By Rashid AW Galadari
Rashid AW Galadari asks what will keep people moving to Dubai as the cost of living goes up?
In days gone by, expatriates came to the Middle East on a hardship posting; high wages, low spending - there weren't many shops in the desert - and very few ‘recognisable' pastimes to indulge in. In 2007, you can walk into any hotel or shopping mall and see the best of the West, better. Despite this decrease in ‘hardship' employees still don't pay income tax, enjoy many perks that were either unaffordable or unheard of in their native countries, and in some cases appreciate much better weather as well.
People must be allowed to get onto the property ladder earlier, to avoid the rental black hole.
So, as companies are faced with continued increases in the cost of living for their staff, what is the answer that will help them net the expatriates they need to, and keep people motivated in moving to Dubai?
There are three points that spring immediately to mind.
Firstly, low annual increases in wages are not going to be enough to keep employees, given the inflationary and fast-changing nature of the local economy. As Dubai becomes more and more of a cosmopolitan city, costs will increase. The city must grow, pay will go up accordingly, this is basic economics. Most people move to Dubai for the increased ‘bottom line' wages, bankable after all outgoings have been covered; if this equation changes too much, people with a choice will simply return to their home countries.
Second, landlords must be prepared to accept changing market conditions.
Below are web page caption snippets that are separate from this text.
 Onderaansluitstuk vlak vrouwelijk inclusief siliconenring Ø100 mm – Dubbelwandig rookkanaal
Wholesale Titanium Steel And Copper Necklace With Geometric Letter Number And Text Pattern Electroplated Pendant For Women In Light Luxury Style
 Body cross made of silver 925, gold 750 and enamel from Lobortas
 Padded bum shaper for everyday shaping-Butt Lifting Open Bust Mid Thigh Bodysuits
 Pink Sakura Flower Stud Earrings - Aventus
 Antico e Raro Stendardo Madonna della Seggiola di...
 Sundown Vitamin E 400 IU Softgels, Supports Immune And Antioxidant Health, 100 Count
It is undoubtedly true that the rental market for accommodation in Dubai has soared in the last five years, and despite the best efforts of the government to cap the annual increases, landlords can and do find ways around these limits. However, with the massive number of units being delivered in the next few years, this will begin to even out the supply side. Landlords now need to be more realistic in their long-term budgeting. Most now accept only one or two cheques compared to the four or five it used to be. Rent is the single biggest concern for Joe public, and the landlords are part of the potential solution.
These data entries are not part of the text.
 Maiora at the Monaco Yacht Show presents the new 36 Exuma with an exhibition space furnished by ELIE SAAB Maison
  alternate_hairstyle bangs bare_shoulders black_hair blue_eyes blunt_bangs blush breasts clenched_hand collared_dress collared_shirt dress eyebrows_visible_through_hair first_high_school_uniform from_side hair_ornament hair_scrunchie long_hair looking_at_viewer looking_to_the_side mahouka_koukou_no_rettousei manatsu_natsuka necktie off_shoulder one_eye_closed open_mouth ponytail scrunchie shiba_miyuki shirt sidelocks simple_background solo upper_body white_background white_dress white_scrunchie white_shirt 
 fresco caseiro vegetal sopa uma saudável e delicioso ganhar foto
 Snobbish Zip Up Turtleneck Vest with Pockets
Having said this, education and healthcare are also huge concerns for the man on the street. As the costs of schooling are rocketing, the new norm for overall employee packages is to incorporate ‘family' costs in a more defined way, even a gym membership is a part that must be considered these days. Last year the launch of companies like du, and the influx of companies to the DIFC were some of the big ticket items that caused a stir in the market, and increased demand across the board in all these areas. DIFC continues to have an impact, and as Studio City, Dubai World Central, and other huge projects rise out of the sand we will see continued demand, keeping the rental equation stable.
Thirdly, people must be allowed to get onto the property ladder earlier, to avoid the rental black hole. This is the most important point, and banks and financial institutions are the ones who must provide the answers.
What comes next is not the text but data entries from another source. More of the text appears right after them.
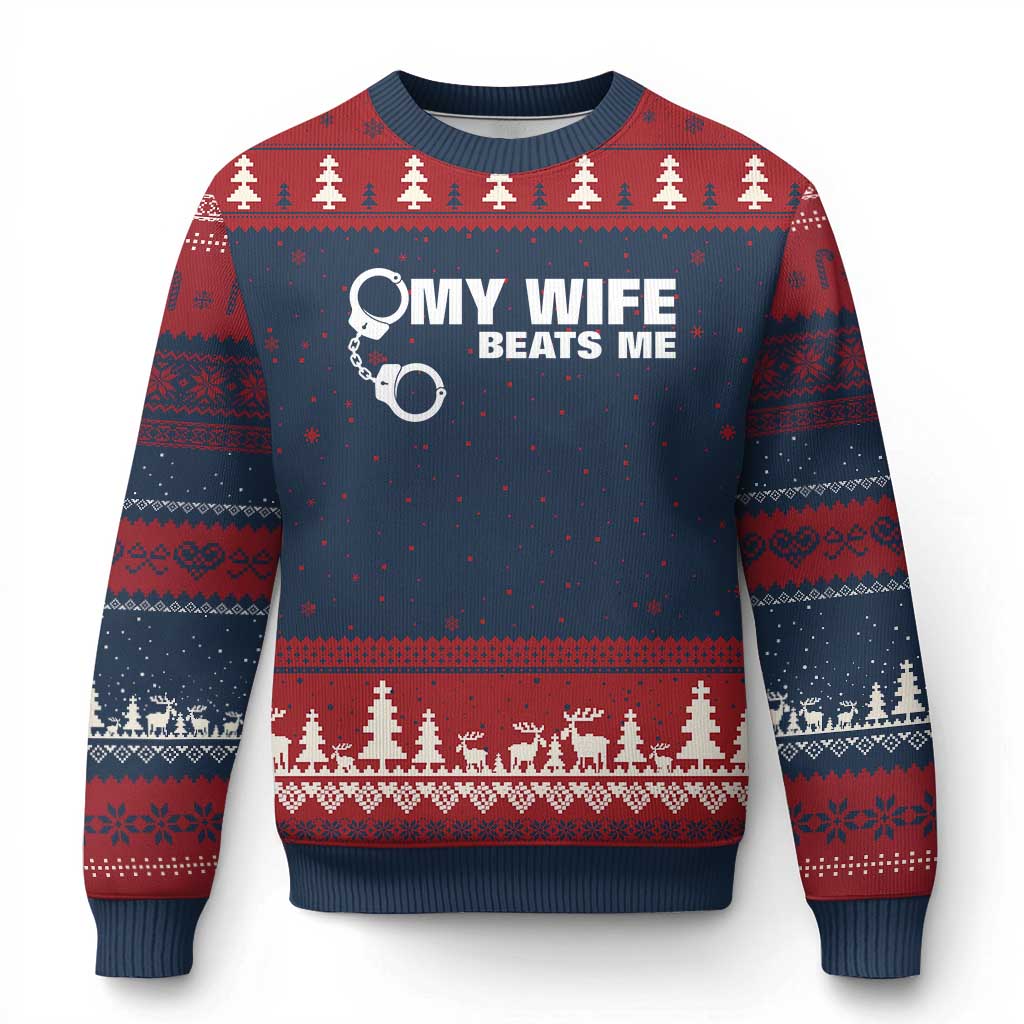 Funny Marriage Joke My Wife Beats Me Ugly Christmas Sweater Husband Gag Gift TS12 Navy Red Print Your Wear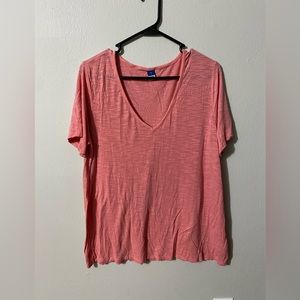 Women’s Old Navy Large Luxe Peachy Coral colored V Neck Tee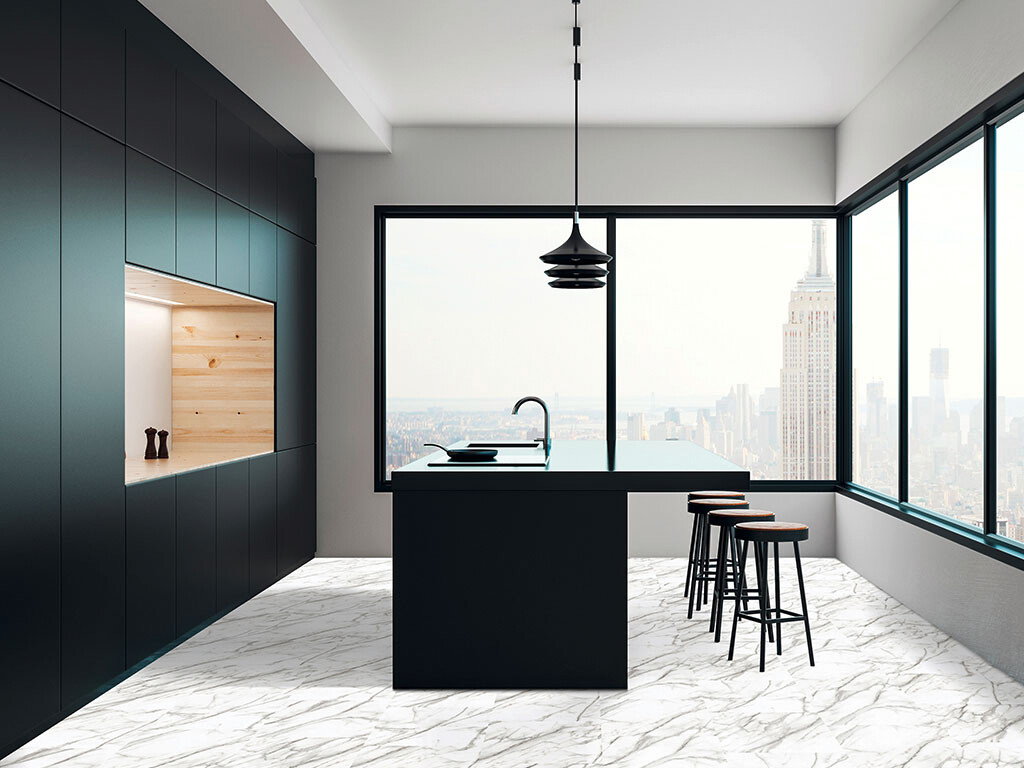 Vinylfliese White Slate, ca. 1,045 m² im Paket B/L: ca. 45,72x45,72 cm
Last year 800 people a day moved to Dubai. That's 800 people who are forced to rent because the banks need salary certificates and ‘x' month's payment history before they will even consider lending to an individual, no matter what their status was in another country. The new credit bureau should be the first step down this road. Innovative methods of assessing and lending must be part of the banking sector's response to this need. Newcomers to Dubai would then potentially be able to buy as they move, avoiding the rental dilemma, increasing their commitment to remaining in Dubai, and building up their equity.
On a macro level perhaps stopping the importation of inflation linked to the dollar would help here; how long before this is possible though is another question entirely.
Rashid AW Galadari is chairman of Galadari Investment Office (GIO).